Neural combinatorial optimization (NCO) models exhibit poor cross-scale generalization on vehicle routing problems (CVRP/TSP)—models trained on small-scale instances (e.g., 100 nodes) fail dramatically on ultra-large-scale test instances (up to 10⁵ nodes). Method: This paper proposes the first large language model (LLM)-driven test-time projection learning framework. Without fine-tuning or retraining, it dynamically constructs a distribution-aligned latent-space projection during inference to calibrate scale- and structure-induced distribution shifts between training and testing regimes. Crucially, the LLM serves as an interpretable semantic orchestrator, jointly optimizing the projection operator and the NCO decoder. Results: A backbone model trained solely on 100-node instances achieves state-of-the-art performance on diverse 10⁵-node benchmarks—outperforming all baselines by significant margins. It demonstrates robust cross-scale generalization across three orders of magnitude, establishing the first purely inference-time solution for scalable, distribution-agnostic NCO.

Neural Combinatorial Optimization (NCO) has emerged as a promising learning-based paradigm for addressing Vehicle Routing Problems (VRPs) by minimizing the need for extensive manual engineering.
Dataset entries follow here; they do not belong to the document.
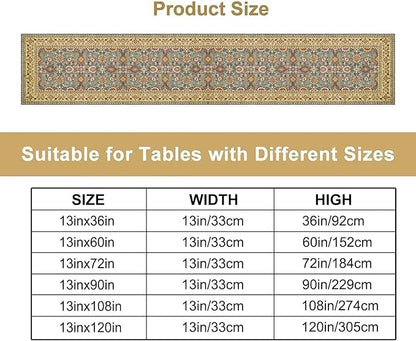 Boho Floral Vintage Beige Blue Table Runner, Retro Flower Rustic Country Farmhouse Abstract Pattern for Home Kitchen Table Decor Dining Coffee Room Party Decor 13x90in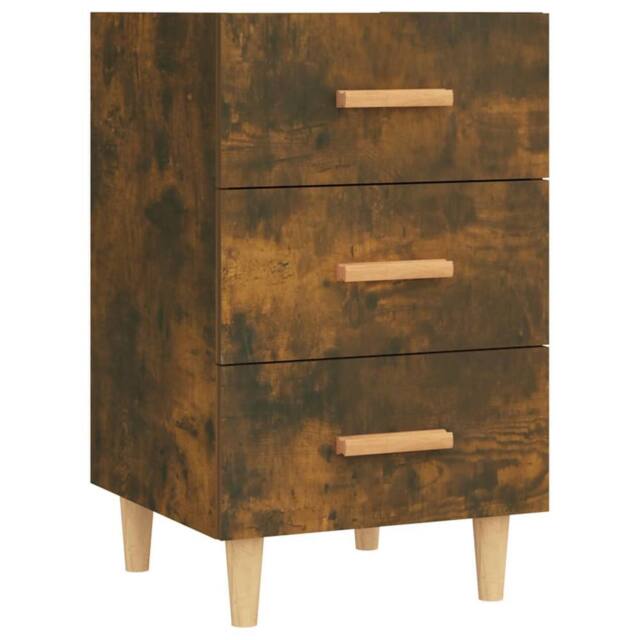 Berkfield Home Bedside Cabinet Smoked Oak 40x40x66 cm Engineered Wood in Brown - Size: 40 x 40 x 66 cm - image 1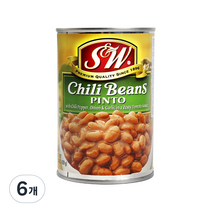 에스앤더블유 칠리빈 통조림, 439g, 6개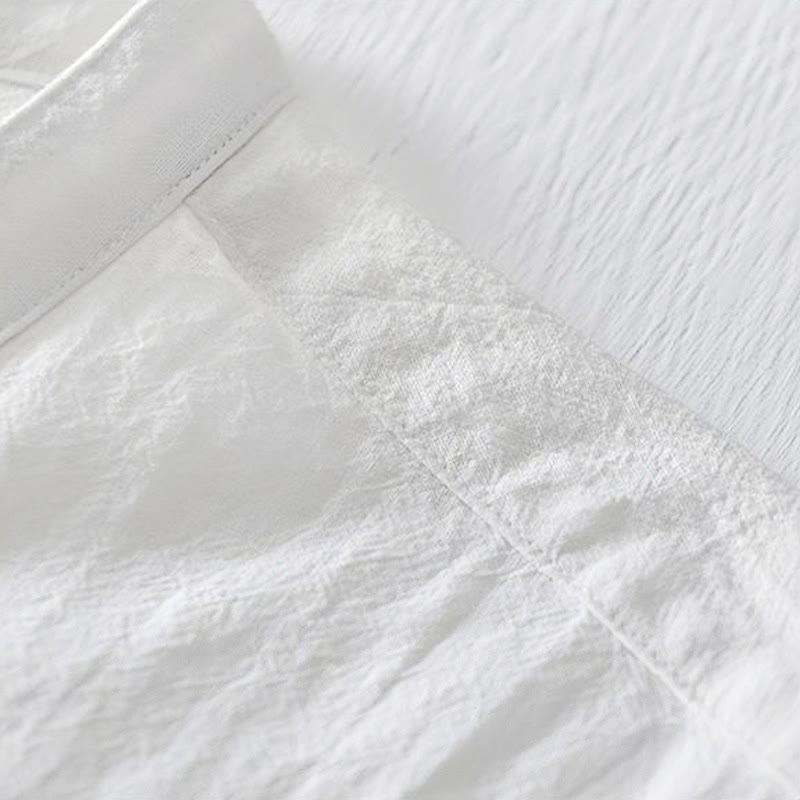 Camisa de hombre de manga corta de algodón y lino con bordado de Buddha Stones y botones de rana, cuello mandarín - image 15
While existing NCO methods, trained on small-scale instances (e.g., 100 nodes), have demonstrated considerable success on problems of similar scale, their performance significantly degrades when applied to large-scale scenarios. This degradation arises from the distributional shift between training and testing data, rendering policies learned on small instances ineffective for larger problems. To overcome this limitation, we introduce a novel learning framework driven by Large Language Models (LLMs). This framework learns a projection between the training and testing distributions, which is then deployed to enhance the scalability of the NCO model. Notably, unlike prevailing techniques that necessitate joint training with the neural network, our approach operates exclusively during the inference phase, obviating the need for model retraining. Extensive experiments demonstrate that our method enables a backbone model (trained on 100-node instances) to achieve superior performance on large-scale Traveling Salesman Problem (TSP) and Capacitated Vehicle Routing Problem (CVRP) of up to 100K nodes from diverse distributions.